Amalia y yo nos dimos cuenta de que dedicábamos demasiada energía y tiempo a causarnos daño. Superado cualquier escrúpulo de orden sentimental, deshicimos el matrimonio acogiéndonos a la Ley de Divorcio Exprés de 2005. Mis padres no pudieron beneficiarse de una opción similar. La Ley de Divorcio del año 81 establecía trabas administrativas que resultaban altamente disuasorias, en una época, no se olvide, en la cual los españoles seguían apegados a los vínculos matrimoniales indisolubles. La ley prescribía la separación judicial. Imponía, además, como requisito indispensable para obtener el divorcio que los cónyuges suspendieran la convivencia durante al menos un año. A papá y mamá, por comodidad tal vez o por no enfrentarse al qué dirán, les resultó preferible perseverar en esa guerra civil de dos llamada matrimonio hasta que la muerte los separase, que es exactamente lo que ocurrió.
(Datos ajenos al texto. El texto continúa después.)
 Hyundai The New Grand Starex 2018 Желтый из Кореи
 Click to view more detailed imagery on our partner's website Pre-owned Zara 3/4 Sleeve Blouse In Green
La tarde en que sepultamos a papá, él tenía cuatro años menos que yo ahora.
Pasadas las décadas, me da igual lo que pudiera achacarse en el plano de la conducta a mi padre. Ni absuelvo ni condeno. Yo sé que, si él resucitara, iría corriendo a echarme en sus brazos. Como no es posible que él venga a mí, entonces iré yo a él. Será por el coñac que estoy bebiendo esta noche, mientras escribo, pero lo cierto es que me reconforta pensar que él y yo reposaremos juntos.